How others will see it. Surprisingly, the Preston Sturges comedies were underappreciated at the time they were made, during the 1940s. It is only in subsequent decades that they were hailed as highlights of the Hollywood Golden Age.
The reception for The Lady Eve was typical. It received only a single Oscar nod, for Best Original Story. The film was not among the top 20 box office hits of 1941, which was headed by Sergeant York, and included such fare as four Bob Hope comedies and three Abbott and Costello vehicles.
Today, though, it is The Lady Eve that is enshrined in the National Film Registry, while Bob Hope's Louisiana Purchase, the #3 hit that year, has a mere 331 votes at imdb.com.
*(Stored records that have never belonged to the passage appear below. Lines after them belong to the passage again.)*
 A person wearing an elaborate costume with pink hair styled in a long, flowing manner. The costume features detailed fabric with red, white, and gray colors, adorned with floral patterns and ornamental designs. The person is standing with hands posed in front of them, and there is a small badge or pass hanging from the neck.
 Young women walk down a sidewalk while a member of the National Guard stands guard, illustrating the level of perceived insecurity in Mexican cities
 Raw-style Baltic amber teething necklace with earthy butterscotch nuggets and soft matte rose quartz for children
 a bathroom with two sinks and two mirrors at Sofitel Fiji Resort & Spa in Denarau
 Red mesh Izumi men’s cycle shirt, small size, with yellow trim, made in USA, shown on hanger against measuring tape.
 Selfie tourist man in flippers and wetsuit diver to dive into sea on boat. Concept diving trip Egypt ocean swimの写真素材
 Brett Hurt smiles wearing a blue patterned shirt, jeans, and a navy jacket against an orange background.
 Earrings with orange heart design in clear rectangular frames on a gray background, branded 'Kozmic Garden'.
The Lady Eve has 15K votes and a lofty 8.0 user rating, which rises to a remarkable 8.6 among women over 45, the most significant demographic due to its indifference to critical consensus.
Certainly, most viewers find The Lady Eve highly amusing. Many if not most are classic film fans who have seen the majority of Sturges' now-beloved screwball comedies.
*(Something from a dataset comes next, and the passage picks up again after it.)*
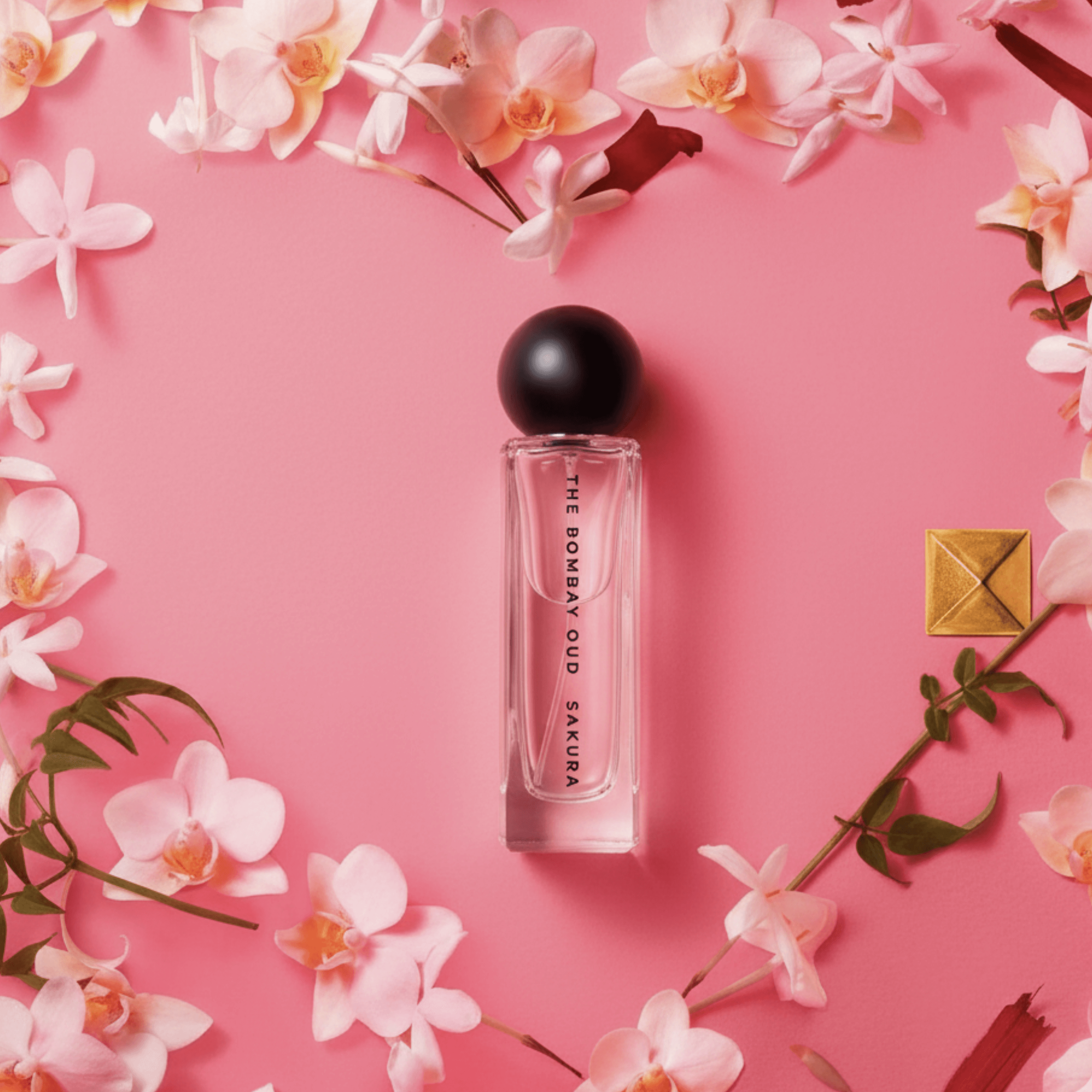 sakura 60ml eau de parfum bottle surrounded by pink orchids and cherry blossoms on a pastel pink background, ideal for floral fragrance lovers.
How I felt about it. The Lady Eve was made during the Production Code era. This explains why Fonda and Stanwyck can't spend the night together until they are married, albeit under a phony name for Stanwyck, which might make the marriage invalid.
Also under the Production Code, criminals must be punished. Curiously, this edict is unfulfilled in the present film. For example, Charles Coburn apparently gets to cash Henry Fonda's $32K check, which would be about $500K in 2017 money. That is quite a swindle to accomplish through cheating at cards.
Stanwyck's unethical behavior is also rewarded. It's true that she stops her father from cheating Fonda on a few occasions, but she lies to Fonda about her and her father's identity. She also lies about past lovers, merely to enrage Fonda, to "get even" for his dumping her after he learns she is a career criminal.
She also trips him, which could seriously injure him. Her behavior is rewarded by marriage to a very wealthy man. Coburn is unpunished, and the same goes for Eric Blore, and also Melville Cooper, the valet of Coburn and complicit in his schemes. Apparently, the message is that you can fleece wealthy people with impunity as long as you are funny, or beautiful, or both.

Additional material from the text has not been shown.